# Rewrite R glm in hail

Hi hail team!

I have a very basic question. I’m trying to rewrite the following R code (from Kaitlin’s MPC code) using hail:

``````glm(pop_v_path ~ obs_exp + mis_badness3 + obs_exp:mis_badness3 + polyphen2 + obs_exp:polyphen2, data=cleaned_joint_exac_clinvar.scores, family=binomial)
``````

Is there an easy way to write this formula?

Thanks!

My R reading isn’t great: is this a linear regression? Or is this more complicated than that?

I think this is a logistic regression. I saw in the R docs that the `:` operator has a specific definition for `glm`:

``````A specification of the form first:second indicates the set of terms obtained by taking the interactions of all terms in first with all terms in second.
``````

do you know if there is an equivalent for this in python?

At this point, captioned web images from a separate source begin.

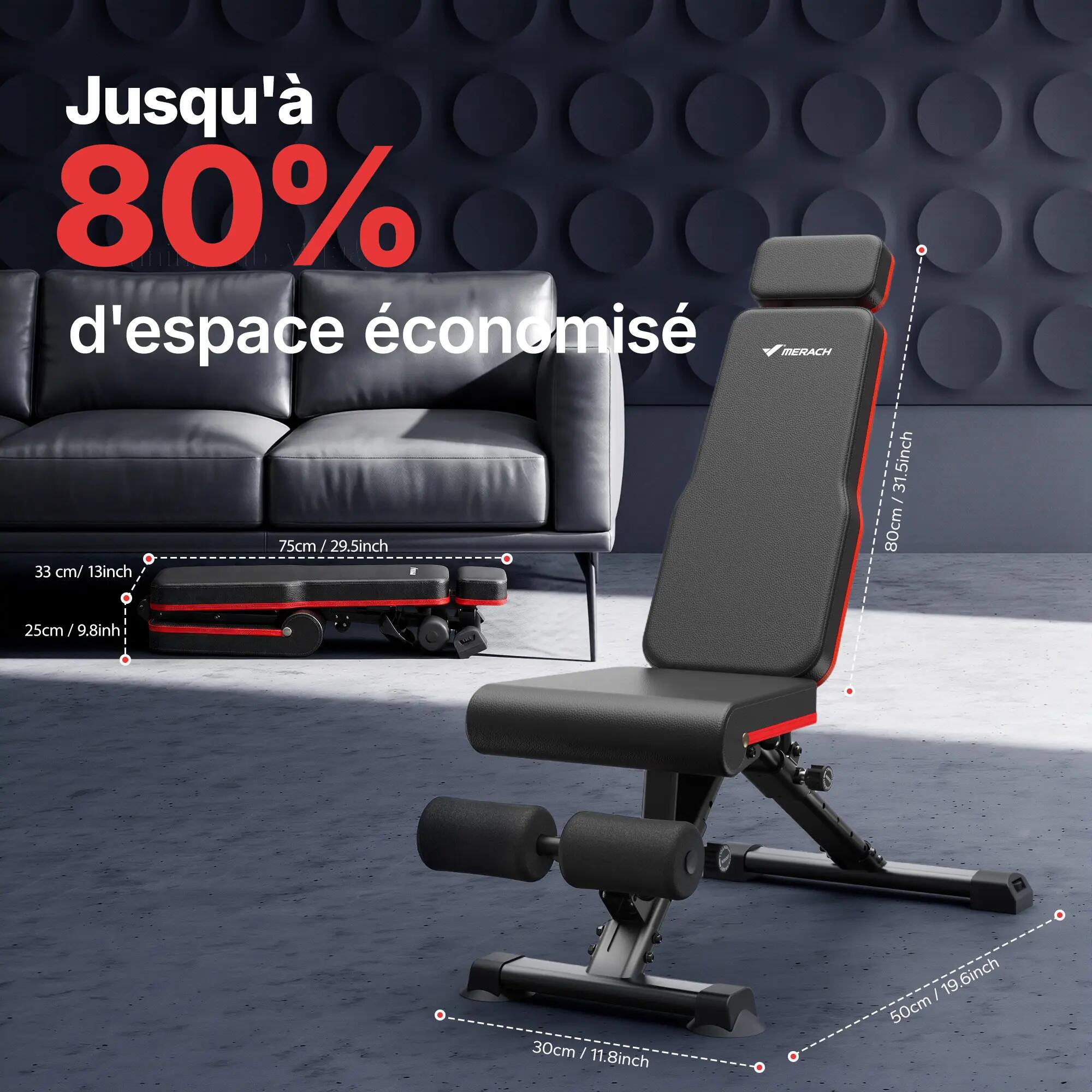 Banc de Musculation Pliable, Banc Inclinable Réglable, 450kg 6/7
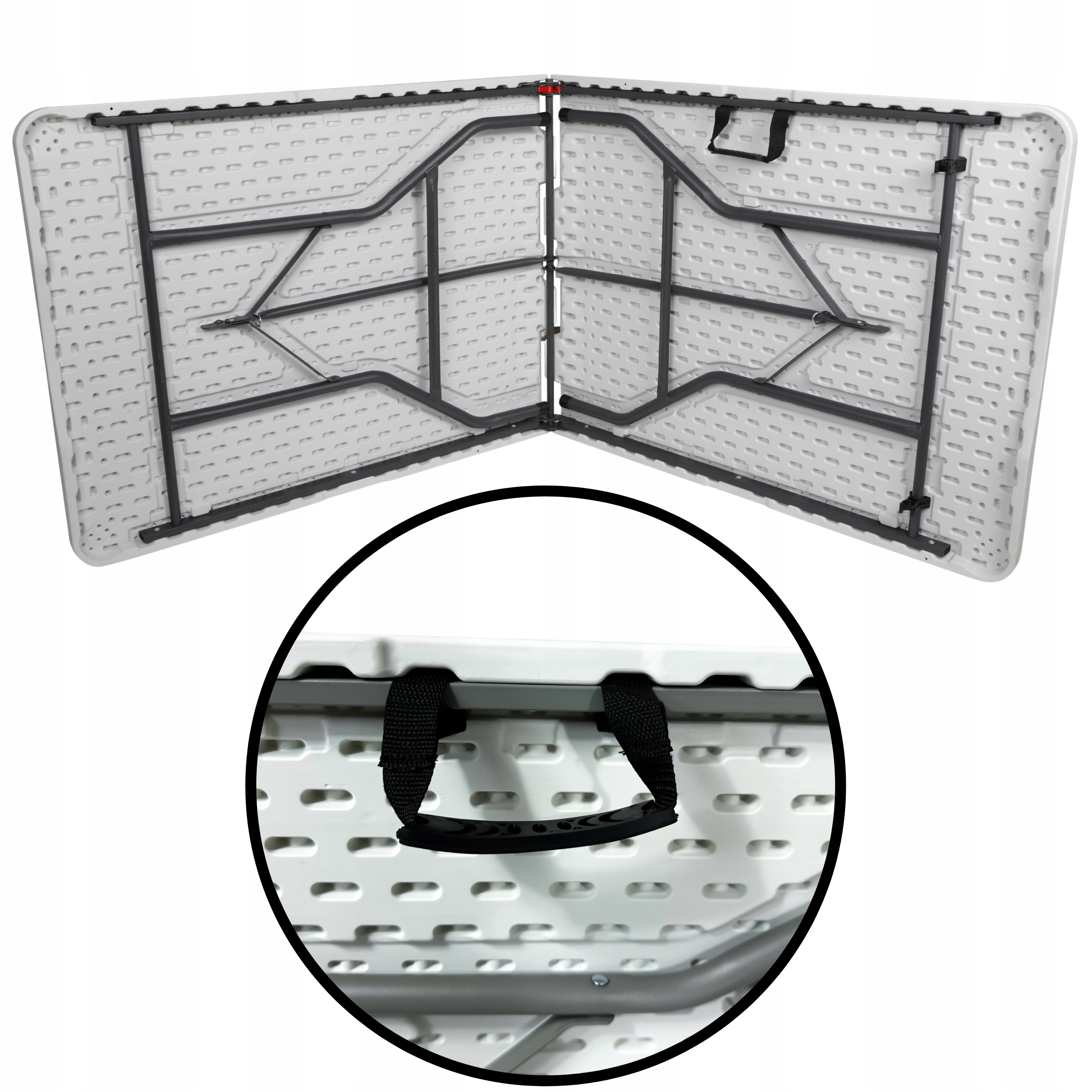 STÓŁ OGRODOWY ROZKŁADANY SKŁADANY CATERINGOWY BANKIETOWY BIAŁY DUŻY 180cm Szerokość mebla 180 cm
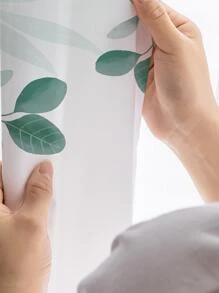 Tenda sottile singolo pannello con motivo foglia - Multicolore - Visualizzare 3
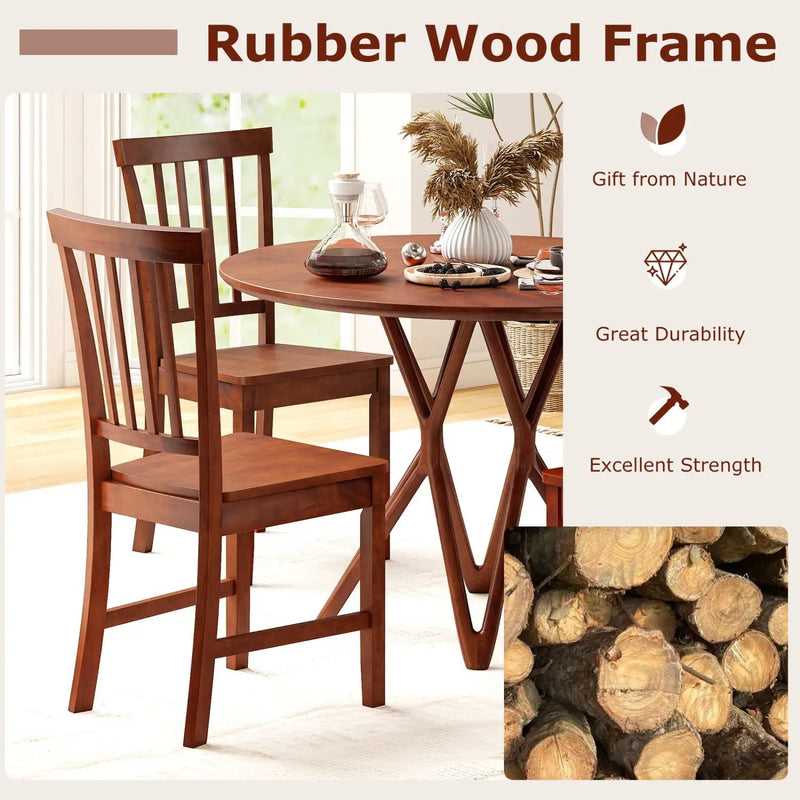 Set of 2 Dining Chairs with Solid Wooden Legs by DirectDeals
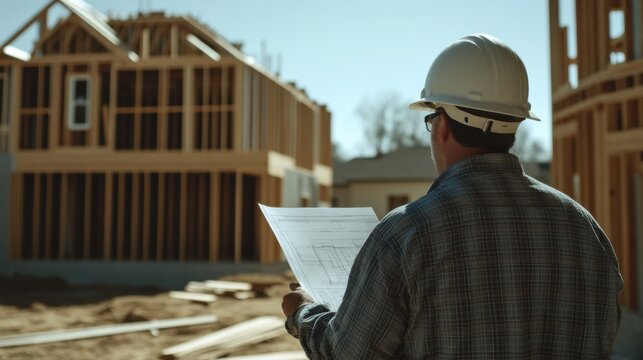 A general contractor overseeing a construction site. Featuring leadership and organization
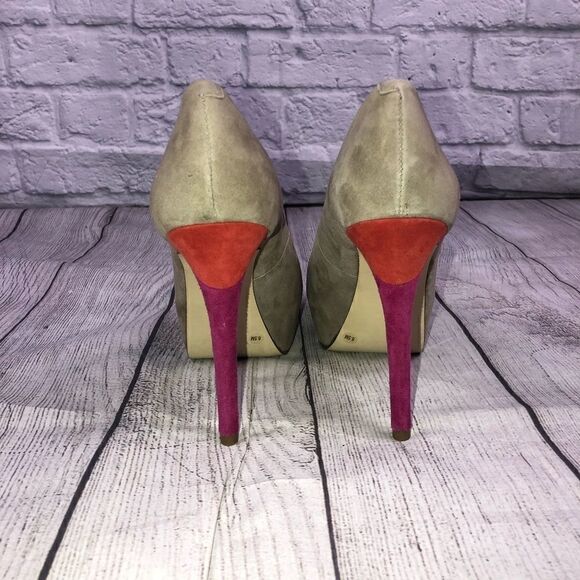 Gianni bini open toe suede heels beige orange & purple sz 6.5 - Picture 7 of 7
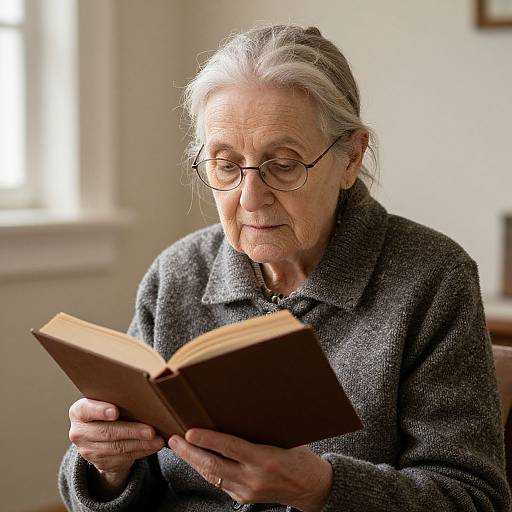 Elderly Woman Reading Peacefully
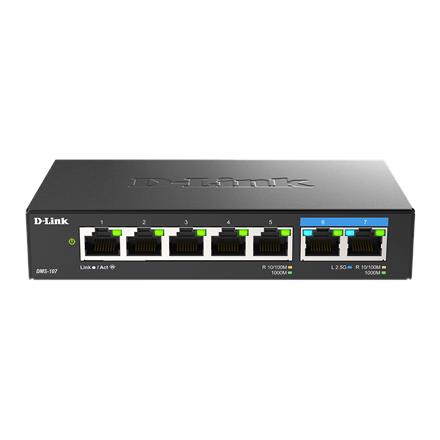 D-Link | 7-Port Multi-Gigabit Unmanaged Switch | DMS-107/E | Unmanaged | Desktop | Power supply type External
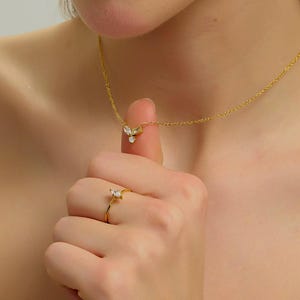 Waterproof Dainty Gold Necklace: Cubic Zirconia Pendant, 18k Plated NG008
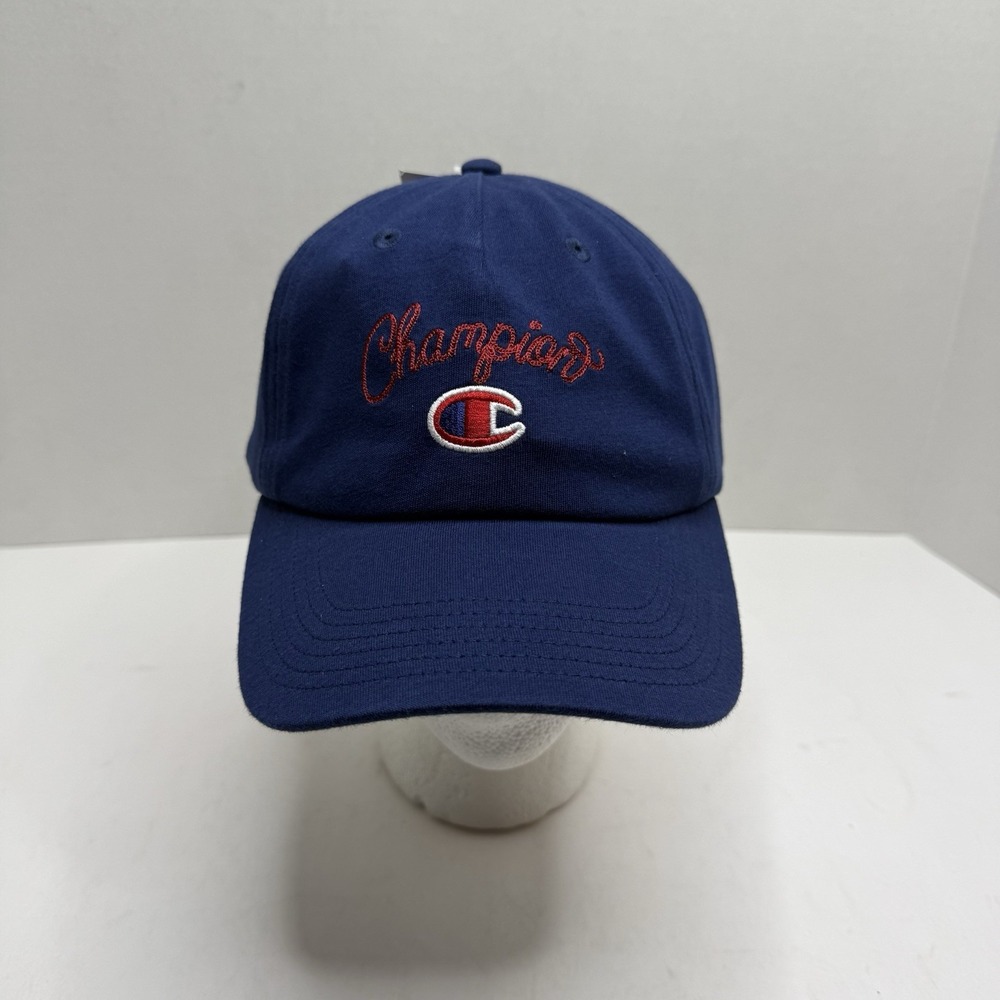 Champion Navy Blue Adjustable Baseball Cap Hat Script Logo Red White NWT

Ok, so I think `obs_exp:mis_badness3` in R is the same as `obs_exp * mis_badness3` in Python. In an R formula, `obs_exp * mis_badness3` would translate to the Python `obs_exp + mis_badness3 + obs_exp * mis_badness3`.

1 Like

thank you!!

hello! circling back to this, is there a way to do a logistic regression in hail? I think these two functions are the most relevant: Hail | Aggregators and Hail | Statistics.

I’m hoping to run a logistic regression in an aggregation (ideally something like `hl.agg.logreg`), is that possible with the existing functionality? Maybe I’ve missed something in the docs?

I’d appreciate any tips – thanks in advance!

This isn’t possible right now. Fitting a logistic regression a convex optimization problem, and there are no good options for doing this in a single pass over the data (which is what Hail aggregators require). We intend to support doing this on a table, but don’t have a timeline right now.

gotcha, thank you for letting me know!